When I was a teenager I was involved in the church youth group and I guess I was a somewhat typical Christian teenager attending public schools. I had good morals, but was never overly excited about sharing my faith and didn’t want to be seen as an outsider by my peers. I knew the Bible stories and some verses, but outside of the occasional Bible study and church camp, I was not very good about establishing a routine for studying the Word and growing in my own faith.
When I started college at Wayne State, I had a pretty miserable first year. I commuted every day and I usually went just to attend classes; driving home as soon as they were over. I didn’t make too many new friends. I had really wanted to go away to college and was considering a transfer as my sophomore year began. It was then that a friend of mine from church (who was also a student at Wayne State) started urging me to attend Intervarsity Christian Fellowship. I had heard of Intervarsity before but had never had interest in attending because I thought I would be too busy with studying.

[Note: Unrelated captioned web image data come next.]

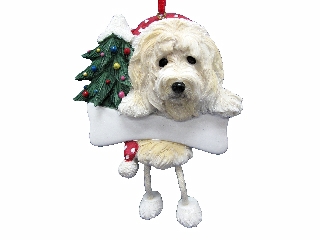 Goldendoodle, Dangling Dog Ornament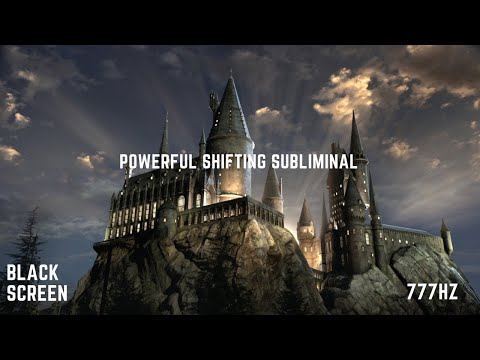 HOGWARTS SHIFTING SUBLIMINAL BLACK SCREEN 777Hz RAIN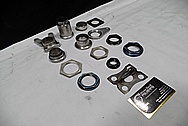Steel and Aluminum Motorcycle Hardware Pieces BEFORE Chrome-Like Metal Polishing and Buffing Services / Restoration Services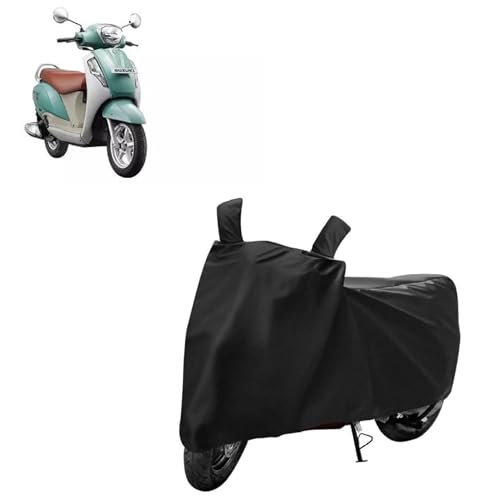 Image of Kerwa Waterproof Bike Cover Compatible with Suzuki Access 125 | Dust Proof, UV-Resistant, Mirror Pocket with Windproof Buckle Strap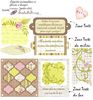 embellissement en français pour le scrapbooking Etiquettes personnalisées et fleuries à découper, Coll Jardin d'ici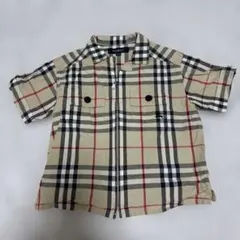 BURBERRY チェック柄 半袖シャツ 100A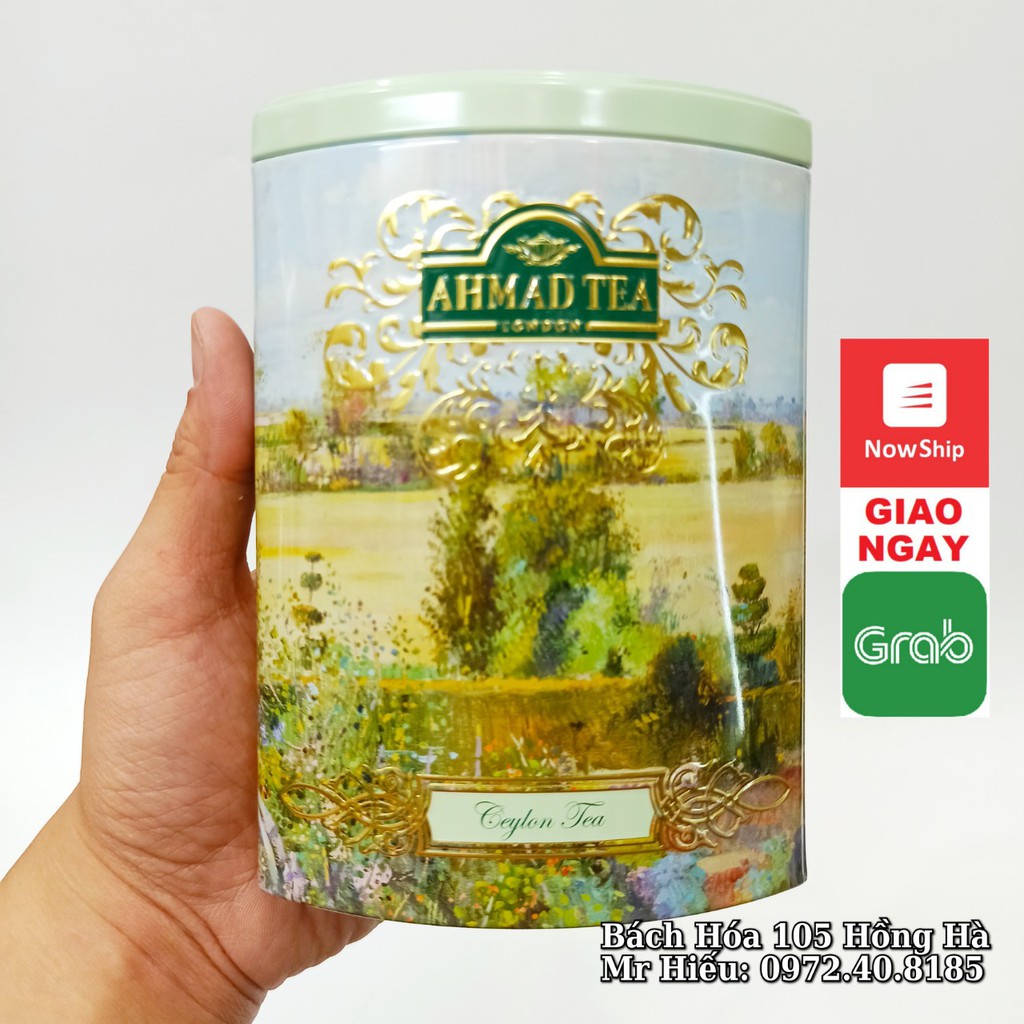 [HSD T11/2023] Trà Ahmad hộp sắt cong Ceylon Tea 100g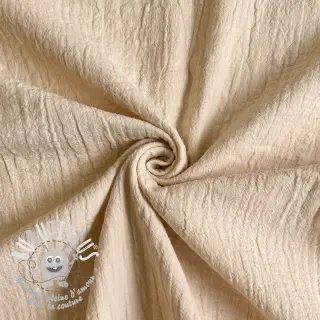 Tissu double gaze/mousseline SLUB SIMPLY NATURAL
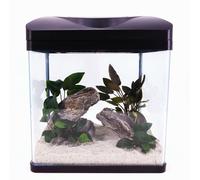 Nano Acuario Laguna en Negro Acuario Completo+LED Iluminación+Filtrado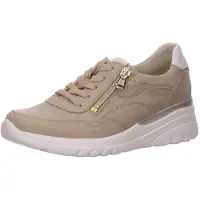 Waldlaufer Schnürhalbschuhe in beige, Gr. 5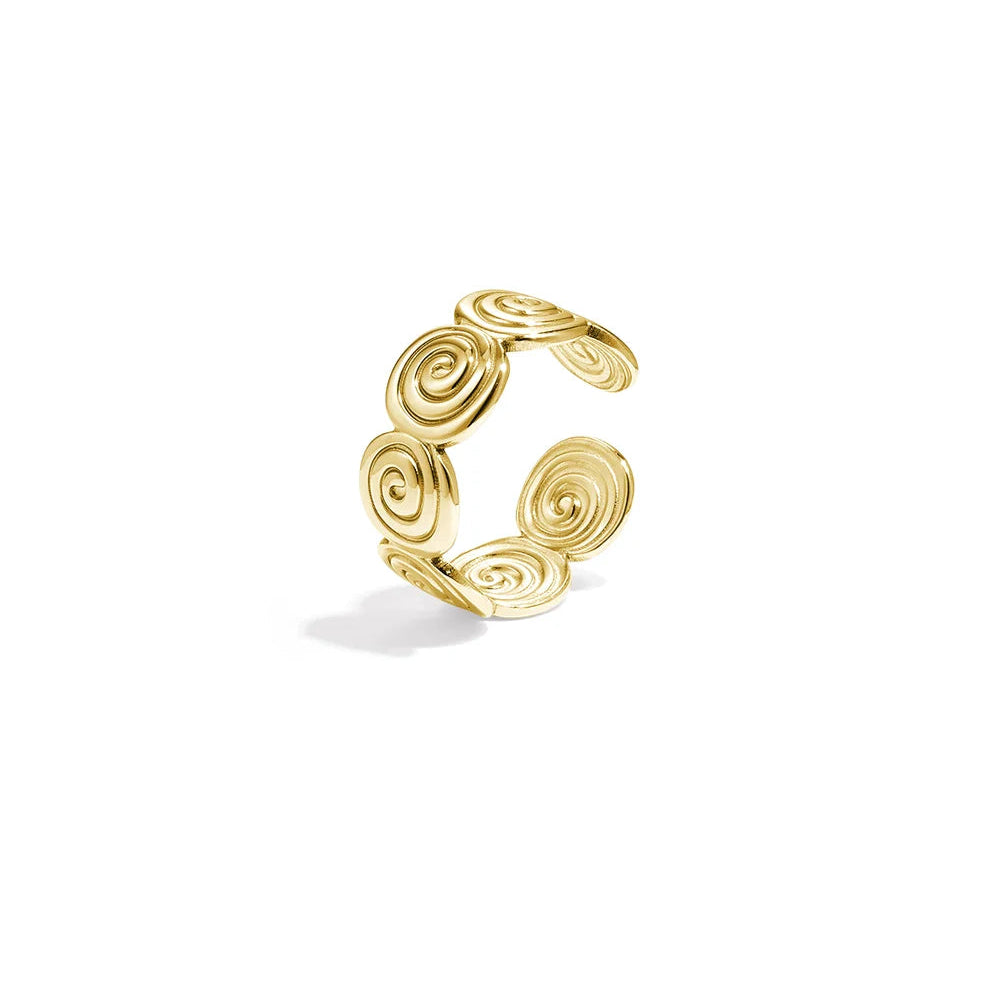 Ring Swirl Goud Ring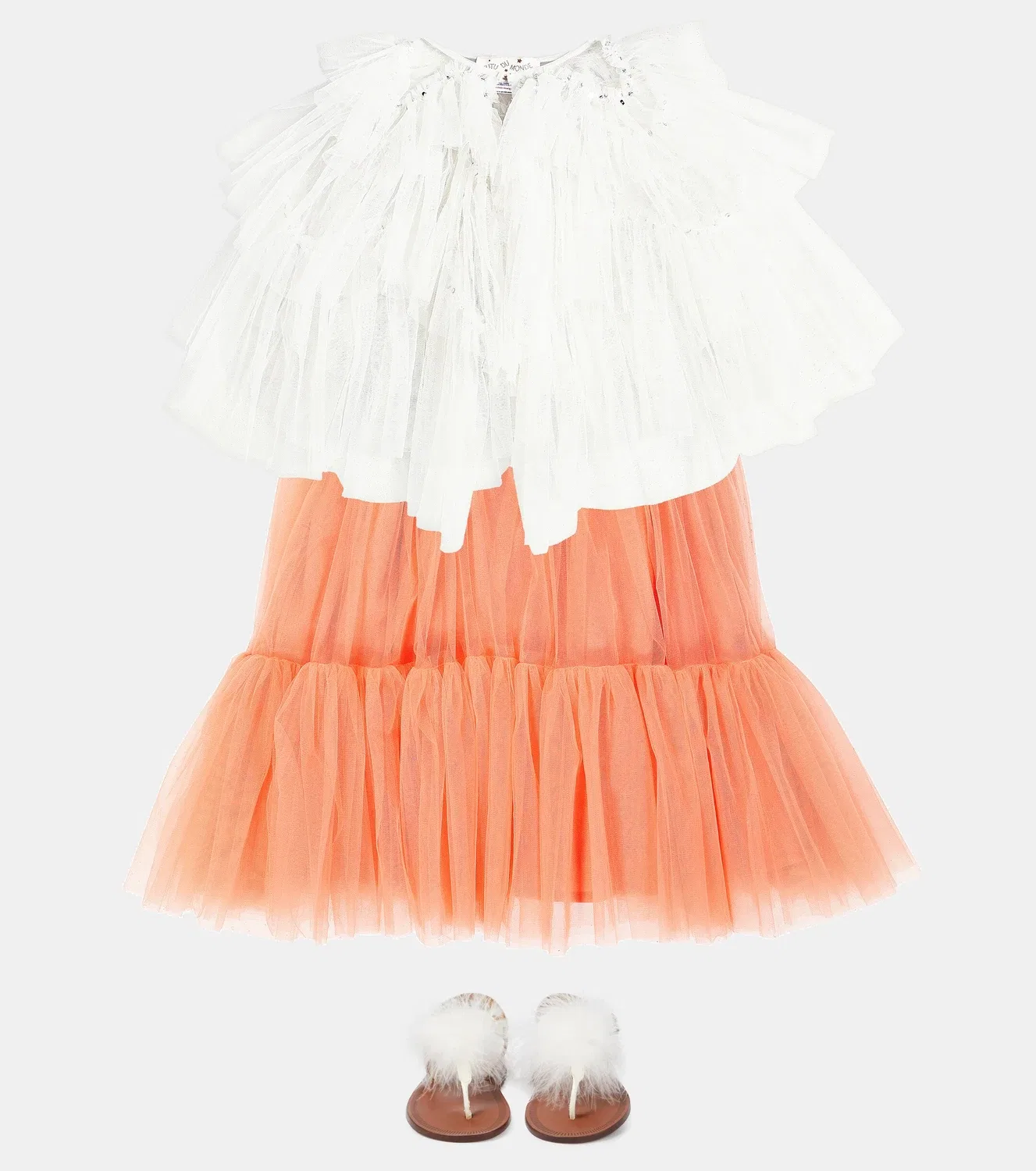 Легкая куртка из тюля Tutu Du Monde, белый — фото 2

Reluctantly, I decided to visit one week, and immediately loved what I saw: a diverse group of young believers praising the Lord in a way that I had not previously experienced. The worship was upbeat and exciting and the teaching was challenging and Spirit-filled. I became very involved in the ministry and my faith grew incredibly in the years that I attended. No longer was Christianity the faith of my parents but it was my own. I made many friends as well, and I decided that Wayne State was the place for me after all. I also made one very good friend named Sara Flutur. We really were just good friends at first and she wasn’t romantically interested because I was just too tall for her. Somehow (maybe I shrunk a little) our friendship turned into romance and we have now been married for nine years.

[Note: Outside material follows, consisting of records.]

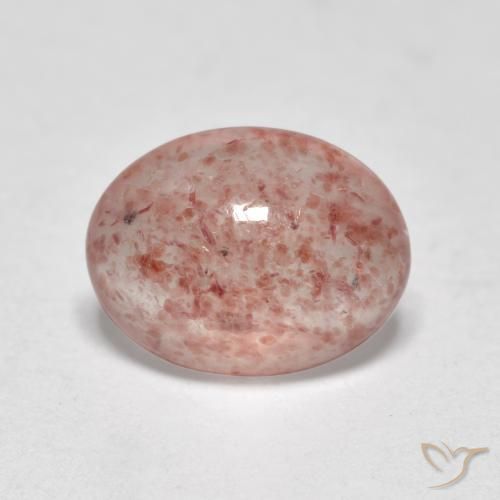 Quarzo fragola Rosa terroso naturale da 1.08 ct, Ovale, Traslucido
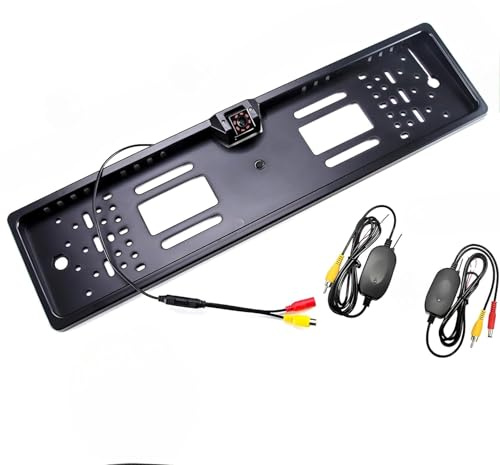Telecamera Retromarcia Wireless 1080P IP68 con Visione Notturna, Grandangolo 170°, Facile da Installare, Retrocamera Posteriore per Auto, SUV, Furgoni e Camper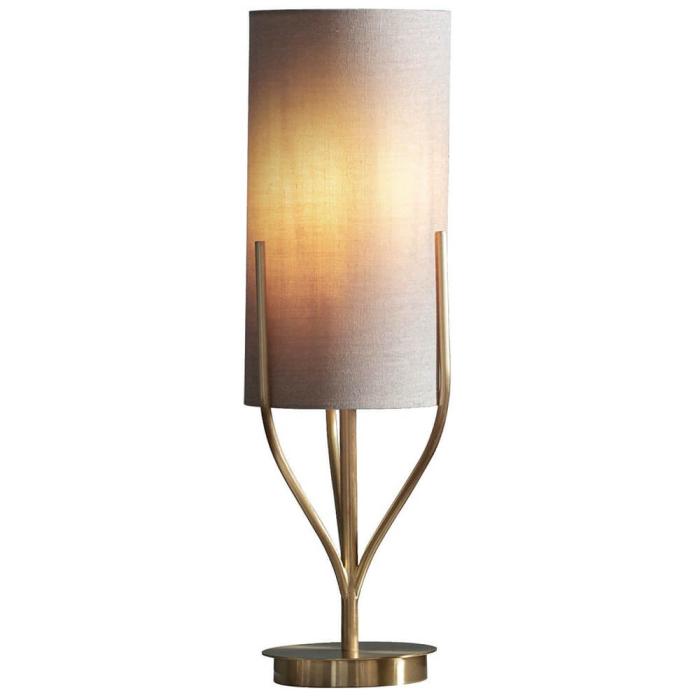 Dinlasa Table Lamp with Fabric Shade - Gold 1
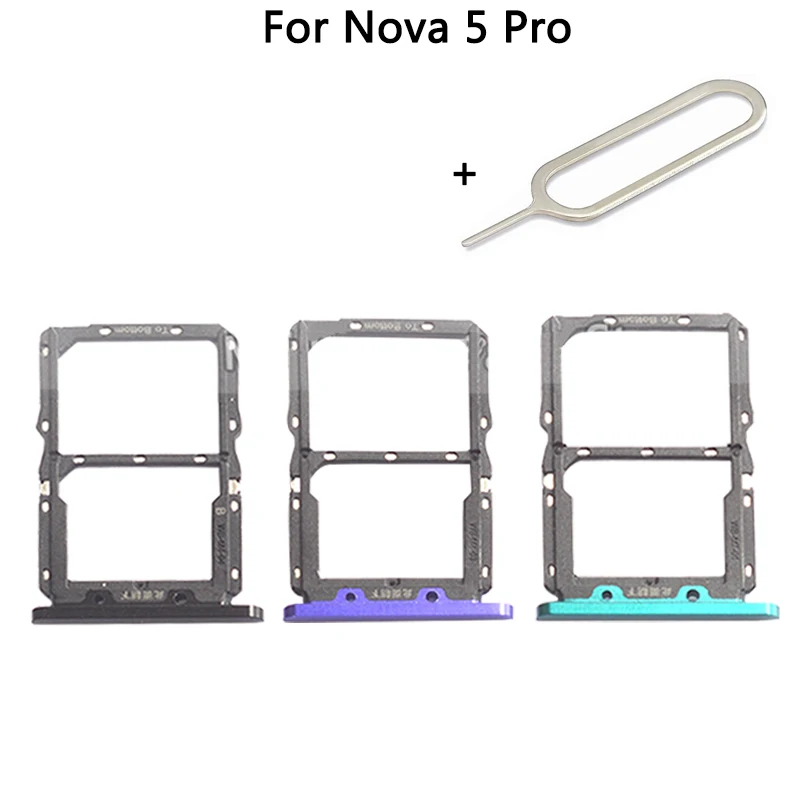 Лоток для Sim карты Huawei Nova 5 Pro + Адаптер Micro SD гнездо держатель слота запчасти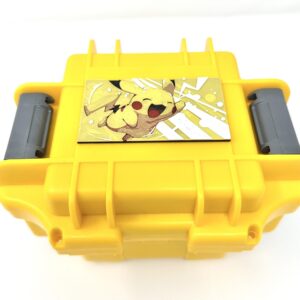 Upcycled Pikachu Volt Vault Case – Single-Slot Hard Storage Case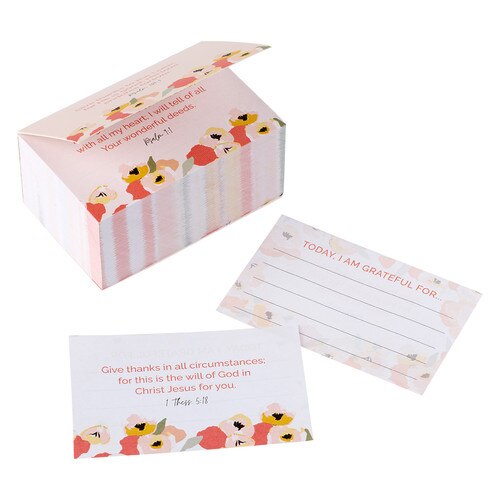 Today Im Grateful For Orange Poppy Gratitude Jar Refill Card Pack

The verse that stood out to me during my college years is Jeremiah 29:11, “For I know the plans I have for you," declares the LORD, "plans to prosper you and not to harm you, plans to give you hope and a future.” Still today, I look to this passage as a source of inspiration and hope. God is in control of every situation in our lives. We can trust in Him and know that His plan for our lives is much better than anything that we can come up with on our own.

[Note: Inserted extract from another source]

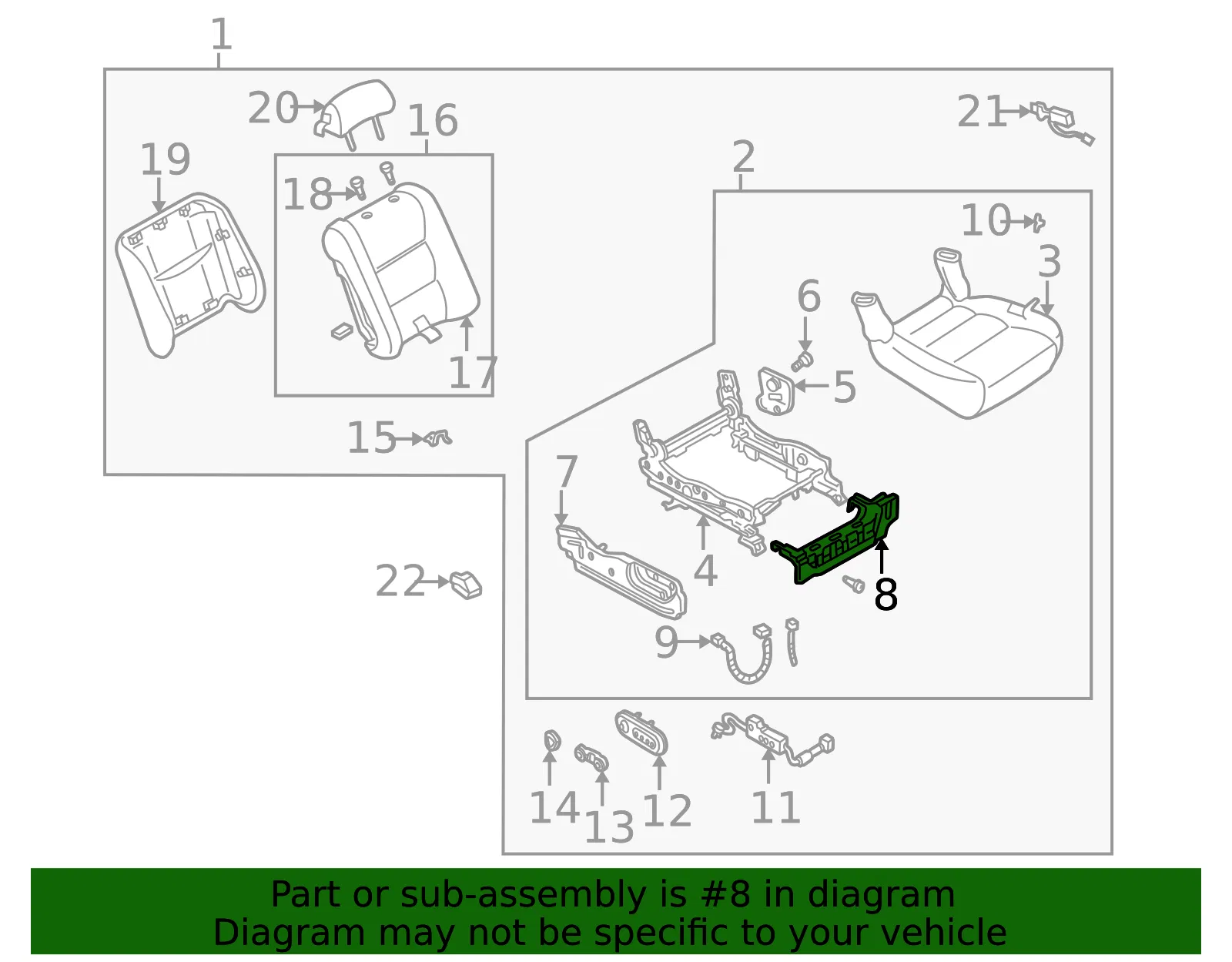 Seat Frame Trim Panel - Mazda (ta01881f1) - view 2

As a husband and a father now, I am sometimes overwhelmed by the responsibility I have to provide for my family. I forget to thank God for the blessings he has given us and don’t remember that our lives have been planned out by Him. However, when I think back to Jeremiah and other scriptures such as Isaiah 43:1-3 ("Fear not, for I have redeemed you; I have summoned you by name; you are mine”) and Proverbs 3:5-6 (“Trust in the LORD with all your heart and lean not on your own understanding; in all your ways acknowledge him, and he will make your paths straight.”), I know that He is in control and I can turn to Him in all circumstances. I think the verses in Isaiah and Proverbs are especially important for men like me who try to carry all the responsibility on our own shoulders. We are big and strong and are looked to for so many things by our spouses, our children, our employers, etc. Who can we turn to in our times of need when our strength isn’t enough? These verses tell us that it really is ok to lean on God and let Him be in control. In fact, it’s His desire that we include Him in every part of our lives.
I still feel that I am a work in progress. I sense that Christ’s work in me is not complete, as probably most Christians feel. I still should take more time to read and study the Bible. I still worry more than I should about life’s challenges. I don’t always seek opportunities to talk about my faith. But I do know that I serve a Savior who has come through with all the promises He has made and will never leave me nor forsake me. It is ok for me to lean on Him and trust in Him. Thank You Lord for redeeming me, loving me like your own, and giving me a purpose in life.